End Times Pants

Potential Catastrophe Pants

There are so many ways a life can go wrong. In an instant. For example, you’re out hunting kudu at a Texas game ranch ( for a mere $28,000 – which also includes poker and air conditioning and night vision hog hunting), killing it in these pants until you’re accidentally shot through the femur by a 9 year old (because yes, he has a license, it’s Texas folks.)

But at least you’ll look good.

Everything is a Subscription Pants

I just signed up for a 12-month subscription for air. To breathe. But I still get ads unless I pay for Premium Air. Obviously, it’s on auto-renew because I need to like, breathe. Well, these pants are here to remind you that you’ve got subscriptions. Do you know what they are? Are they auto-renewing? Apps like Rocket Money will find and cancel your subscriptions for you (for a fee), but you need a subscription.

Low-Grade Depression Gauchos

Get ready for a 70s South American serotonin spike. These pants embody the lifestyle of the free-spirited Argentinian cowboy (gaucho): vagabond roaming the Pampas, sleeping under the stars, strumming and sipping yerba mate (which by the way also has antidepressant effects according to The Oracle. I mean Google.) 

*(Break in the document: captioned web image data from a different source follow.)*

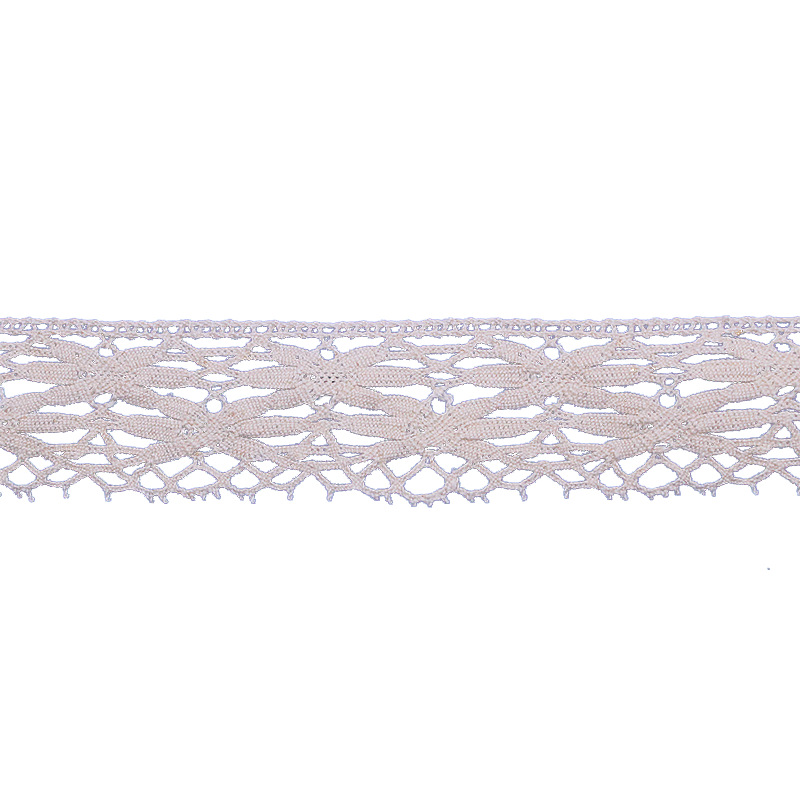 ���ƻ��߸��� ����ɫ�οղ���װ�μҷĴ�����Ʒ�����������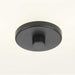 P350134-143-30 Lighting/Ceiling Lights/Flush & Semi-flush Lights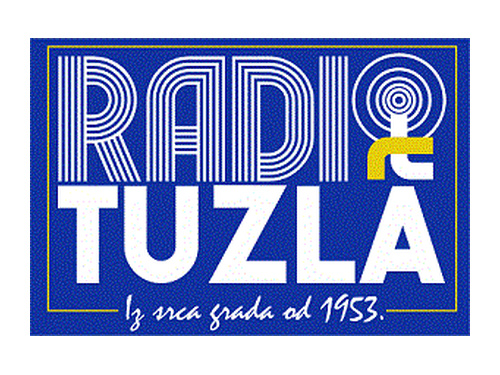 Radio Tuzla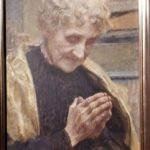 received_2188311464754231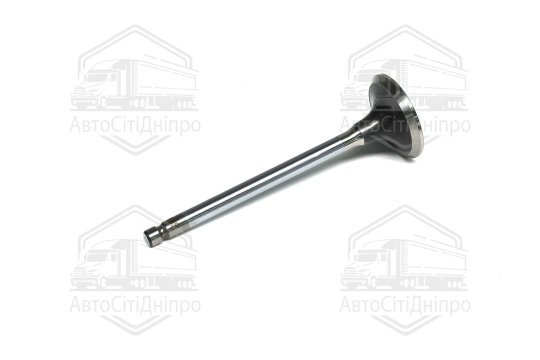 Клапан випускний KIA/HYUNDAI 1.3/1,5 12V 32x6x98.4 (вир-во GUNES)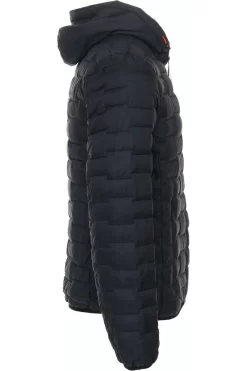 Casa Moda Herren Jacke Kapuze Navy 9 Casa Moda Herren Jacke Kapuze Navy -Ho ho ho, Mode in Grün. 534000900 105 3 800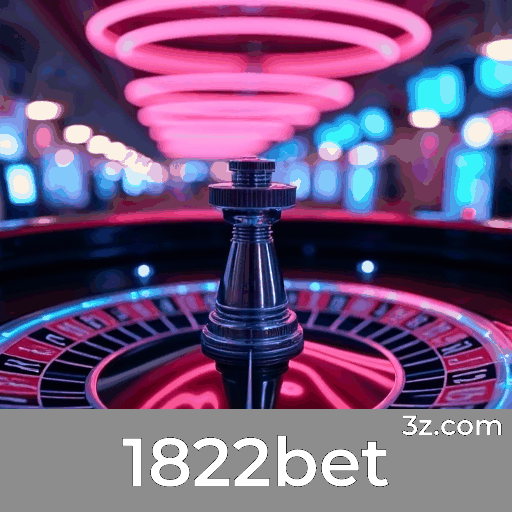 1822bet: Recompensas Personalizadas com Tecnologia Avançada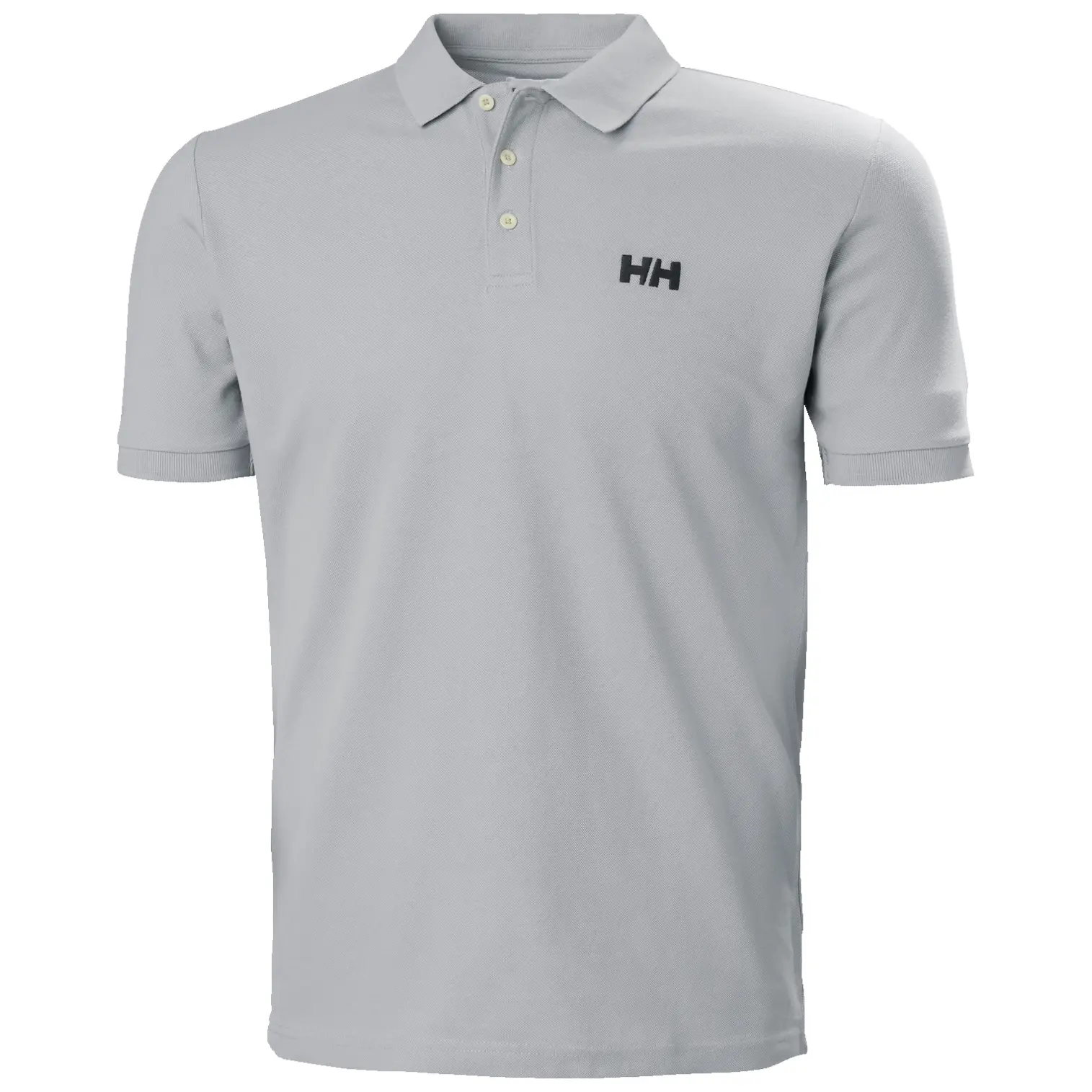 7040058336617 - Polo-Shirt Malcesine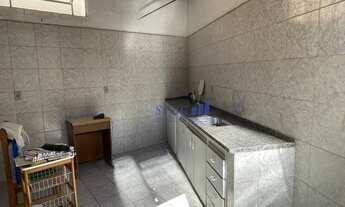 Imagem 7: Casa - 123m², 3 dorms, Vila Progresso, Jundiaí. COD:CA0079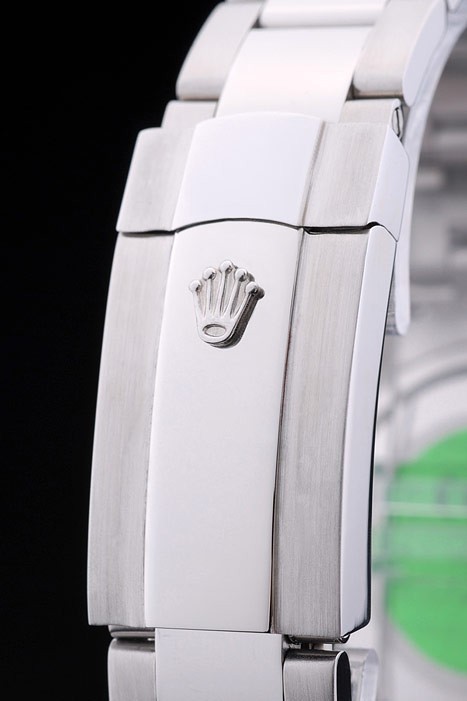 Rolex Perpetual-rl186-4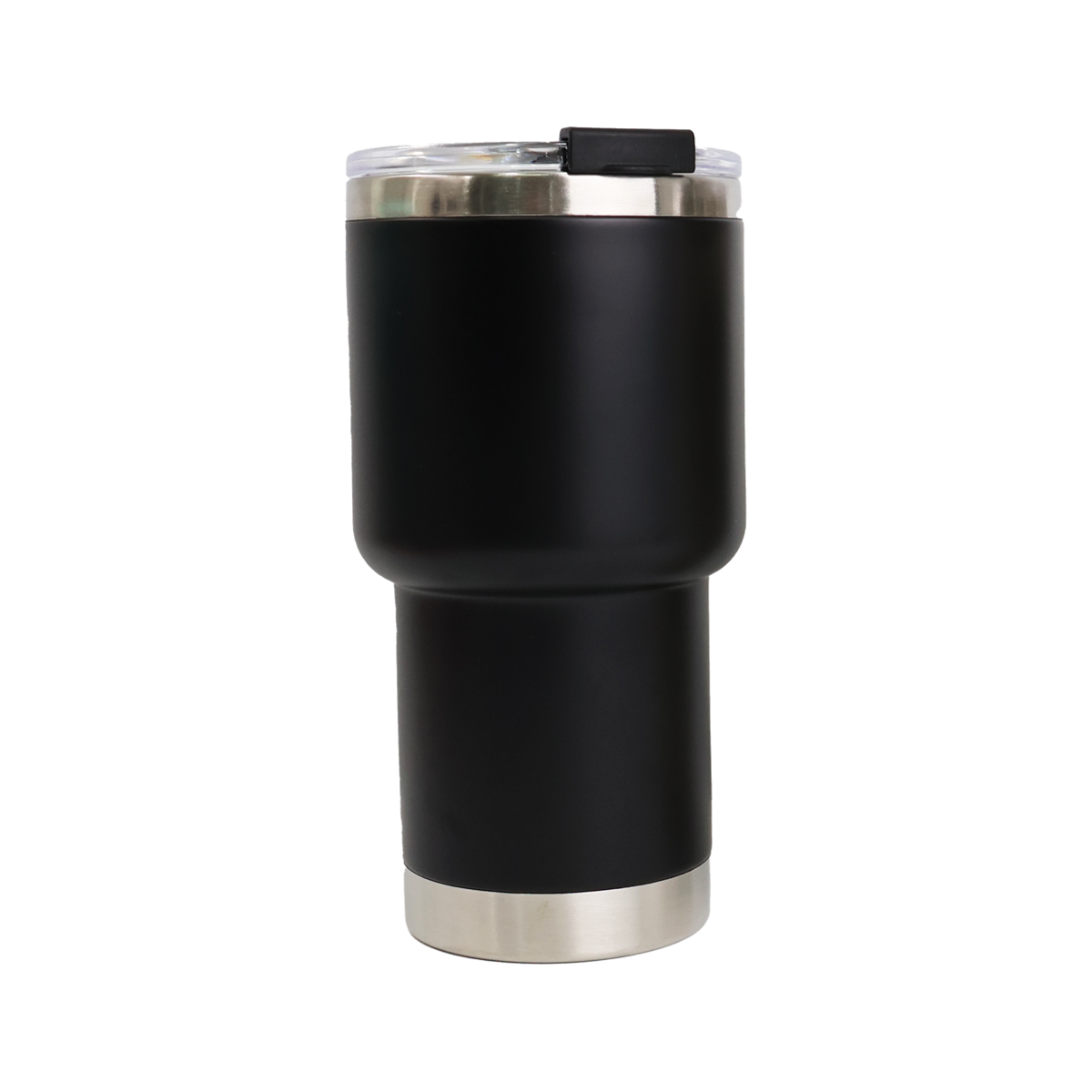 모노크롬 이중스텐 텀블러 500ml 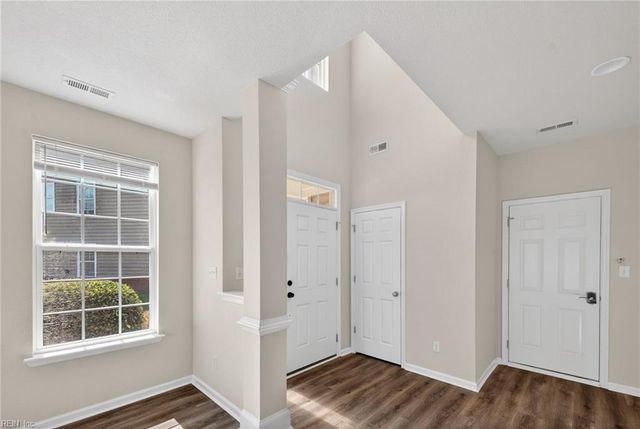 3736 Pear Orchard Way, Suffolk, VA 23435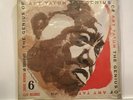 Art Tatum - The Genius Of Art Tatum 6 Lp M/M Sealed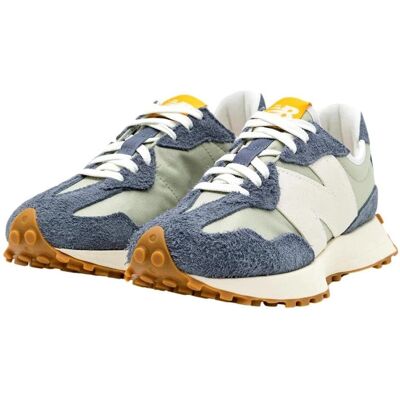 New Balance U327V1 Παπούτσια - Casual New Balance U327V1 Παπούτσια - Casual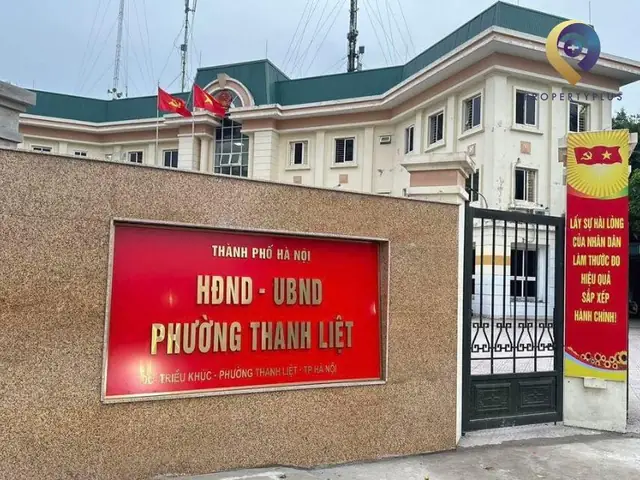 Top 10 Trung Tâm Thương Mại Cầu Giấy Đáng Ghé Nhất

Choices Come to Haunt Pants

Freewill is a bitch. Sow and reap. But don’t let regret and despair stop you from wearing your feelings. You’ll (finally) be making a great choice with these pants knowing you’ll be comfortable during hauntings. Hey, you might even get a compliment or two.

Underpaid & Undervalued Pants

Yes, you are both. Time to shake things up – try something completely new, stop clinging to that seductive thread of life insurance. Take the first step: into these work pants. Imagine your own business- one where you put things in pockets. See where it leads….

Tumultuous Colon Pants

Maybe it was that bowl of Grape Nuts, maybe IBS acting up. You ate your feelings again. Whatever the case keep it low and roomy. These comforting pants sit below your stomach to allow for seismic activity, flexibility, and big-ass underwear. Baggy enough in the rearview for whatever may or may not happen. Bonus pockets.

Microdosing Mom Pants

Psilocybin-induced patience and agreeableness? Drudgery of motherhood got you down? You too can join the microdosing mommy movement and lighten up between school pick-ups, soccer practice, and all that motherhood demands (lunches, dinner!) How about foraging? In the woods. Alone! Pour yourself into these pants and make it fun to walk by the mirror. 

Common Sense in Crisis Pants

What was I thinking? We’ve all been there. If you’re not clinically depressed, or Diane Keaton, probably best to wear something else.

Trance of Unworthiness Pants

If you’re stuck in the I’m not good enough loop, you’re wearing the wrong pants. It’s time to try on some radical acceptance. Look good, feel good. Feel good, look good.